I recall and I might be wrong that the hi-Level Cars are shorter the the SL. It not by much but enough that it floors do not match. If that is true the not want them in the middle of a train due to the liability issues. Did Amtrak have some years ago have trans-coaches or dorm coaches which were HL? Is the HF using Hi-level cars or SL cars? I thought it started with HI-Level cars? What is it current Consist?
They are slightly shorter, but the diaphragms meet up- they were designed to since the beginning and made to when the HLs were converted to HEP. Budd built them. You refurbish them right, they'll give another 30-40 years of service. I hope Kansas has the intelligence far to few states do and rebuild old equipment for running them.
Too many states waste their money buying all-new equipment. You need all-new equipment for certain kinds of service, I admit it. With NJTs 400k daily riders, stops every five minutes, and intentions of 125mph service, not to mention the fact that they run something like 400 trains- more than Amtrak - a day, they need new equipment. They need a lot of equipment- a lot more than you can find on the used market - and it needs to be fully compatible for their needs.
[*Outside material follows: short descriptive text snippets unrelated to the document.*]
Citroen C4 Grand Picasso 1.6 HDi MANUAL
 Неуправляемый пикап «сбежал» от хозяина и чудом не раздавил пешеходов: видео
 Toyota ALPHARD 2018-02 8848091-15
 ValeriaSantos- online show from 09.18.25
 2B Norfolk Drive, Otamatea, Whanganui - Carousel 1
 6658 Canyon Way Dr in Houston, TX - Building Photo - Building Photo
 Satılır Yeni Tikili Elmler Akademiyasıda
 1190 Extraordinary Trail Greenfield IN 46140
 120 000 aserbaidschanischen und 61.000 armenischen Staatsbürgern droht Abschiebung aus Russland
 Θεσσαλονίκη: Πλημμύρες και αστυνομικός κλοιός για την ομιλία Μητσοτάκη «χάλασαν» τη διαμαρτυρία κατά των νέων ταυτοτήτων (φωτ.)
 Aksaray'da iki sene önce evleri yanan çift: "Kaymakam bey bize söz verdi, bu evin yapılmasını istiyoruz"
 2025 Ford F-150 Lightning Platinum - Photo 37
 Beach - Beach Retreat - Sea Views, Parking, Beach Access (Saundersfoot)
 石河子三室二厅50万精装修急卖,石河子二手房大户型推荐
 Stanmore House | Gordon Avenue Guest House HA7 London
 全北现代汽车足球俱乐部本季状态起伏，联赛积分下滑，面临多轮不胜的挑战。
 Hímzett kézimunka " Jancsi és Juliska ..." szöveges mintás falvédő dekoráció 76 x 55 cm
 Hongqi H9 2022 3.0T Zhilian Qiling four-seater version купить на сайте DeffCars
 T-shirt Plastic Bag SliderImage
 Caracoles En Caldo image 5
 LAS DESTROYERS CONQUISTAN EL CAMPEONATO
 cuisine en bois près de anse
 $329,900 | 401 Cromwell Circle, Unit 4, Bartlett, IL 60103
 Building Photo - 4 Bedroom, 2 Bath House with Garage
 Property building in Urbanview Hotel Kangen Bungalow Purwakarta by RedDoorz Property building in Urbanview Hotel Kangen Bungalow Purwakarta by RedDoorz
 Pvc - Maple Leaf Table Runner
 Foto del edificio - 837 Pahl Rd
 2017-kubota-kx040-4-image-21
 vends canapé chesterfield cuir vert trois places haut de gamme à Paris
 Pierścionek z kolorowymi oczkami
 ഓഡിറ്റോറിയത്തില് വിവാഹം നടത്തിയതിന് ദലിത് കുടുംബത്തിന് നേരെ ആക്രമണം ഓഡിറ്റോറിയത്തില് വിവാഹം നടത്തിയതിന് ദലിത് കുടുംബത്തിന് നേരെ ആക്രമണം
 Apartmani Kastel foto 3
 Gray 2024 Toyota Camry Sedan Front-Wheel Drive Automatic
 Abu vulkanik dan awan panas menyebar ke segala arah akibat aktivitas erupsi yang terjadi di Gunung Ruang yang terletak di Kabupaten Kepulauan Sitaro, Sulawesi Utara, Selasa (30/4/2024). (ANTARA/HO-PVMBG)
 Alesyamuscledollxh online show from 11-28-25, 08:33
But on the other hand, take Wisconsin. What is the Hiawatha going to actually do? What do they need? Crikey, they are running for an hour and a bloody half. You don't need a few new Talgo sets for that. You don't even need Horizons. Buy themselves 2 dozen retiring Comets or convert some Silverliners to trailer service. Lease some old F40s- or buy NJTs soon to be retired GP40s. Buy 4 of them. Make sure that 4 of the comets are cab-cars. Not only can you run the Hiawatha more adequately and buy your own equipment, but with that service they can comfortably double the number of trains they run. For half the price of those two new Talgos. Less than half.
Heck, OMR has 4 ex-Metra Budd Gallery cab cars for $180k each, and 25 trailers for $140k each, all of which are roadable and Amtrak HEP compatible. And I think the going rate for an overhauled F40 is $500k.
So for $6.22 million they'd have 4 trainsets of 7 cars each, complete with engines, and a spare car, with a capacity of 1050 passengers a set. You could outfit the cars to American Orient Express levels for the $40 million they've just saved. Or outfit them with Horizon-level accomodations for well under $20 million and spend the other $20 million on paying the operating expenses of doubling service frequency for many years.